_WHAT THE TASK REQUIRES_
Make an exact copy of all the entries, with the pictures left out.

(Recorded data)

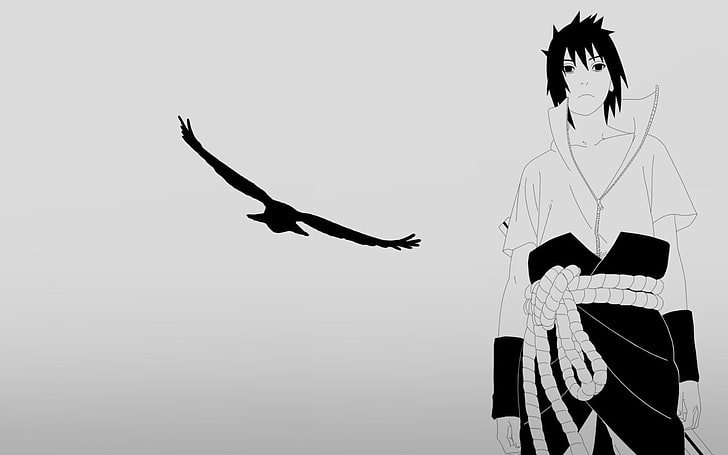Uchiha Sasuke, Naruto Shippuuden, anime, sky, one person, nature, HD wallpaper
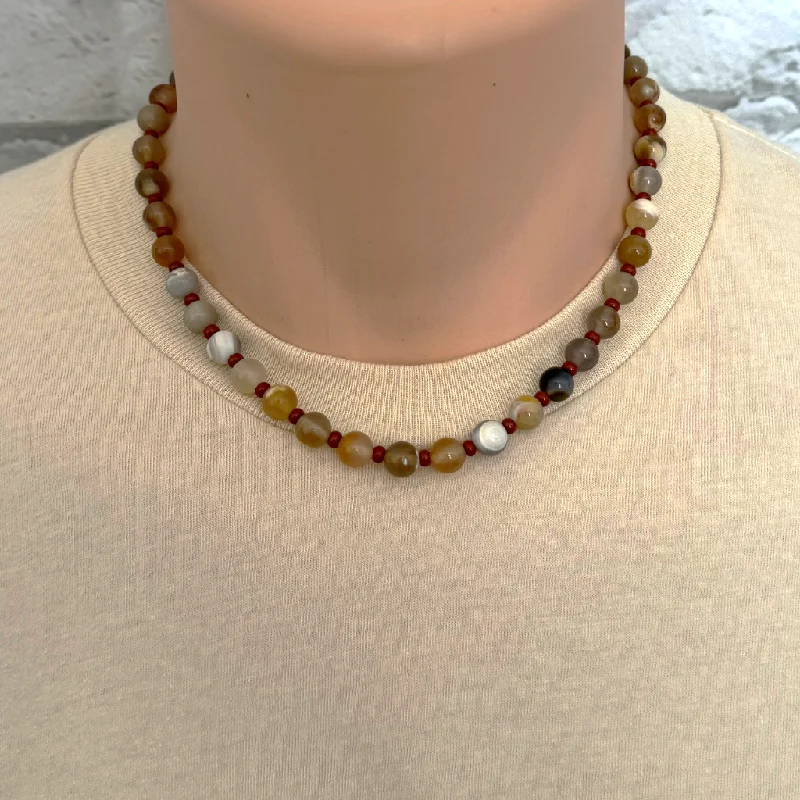 diamond necklace for women -Mens Gray and Orange Agate and Brick Toho Beaded Necklace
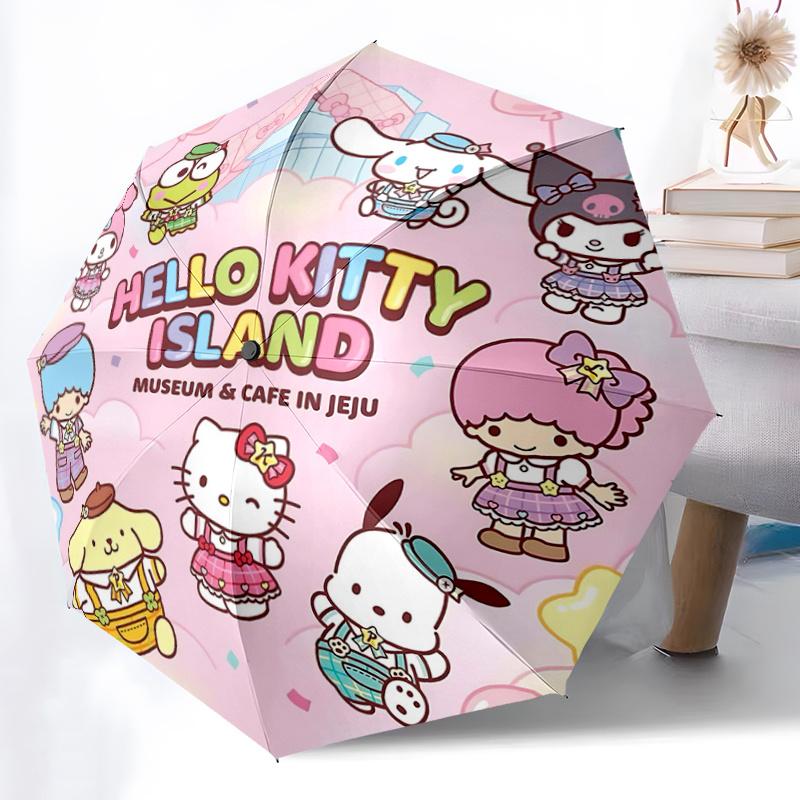 1pc Hello Kitty Island Museum & Cafe in Jeju Automatic Opening Umbrella - Portable Three-Fold Design with 8-Bone Iron Frame, Perfect for Fans, Travele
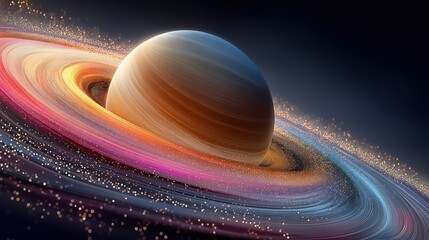 Saturn with colorful rings in space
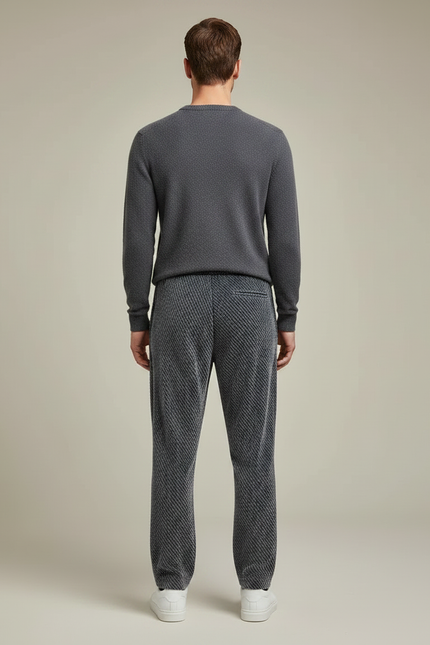 Pantalon Velours Gris Rayé Décontracté Homme - vue 2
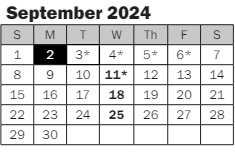 District School Academic Calendar for Benjamin Rush Elementary for September 2024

_THE ANSWER_
Uchiha Sasuke, Naruto Shippuuden, anime, sky, one person, nature, HD wallpaper
 diamond necklace for women -Mens Gray and Orange Agate and Brick Toho Beaded Necklace
 1pc Hello Kitty Island Museum & Cafe in Jeju Automatic Opening Umbrella - Portable Three-Fold Design with 8-Bone Iron Frame, Perfect for Fans, Travele
 Saturn with colorful rings in space
 Pantalon Velours Gris Rayé Décontracté Homme - vue 2
 District School Academic Calendar for Benjamin Rush Elementary for September 2024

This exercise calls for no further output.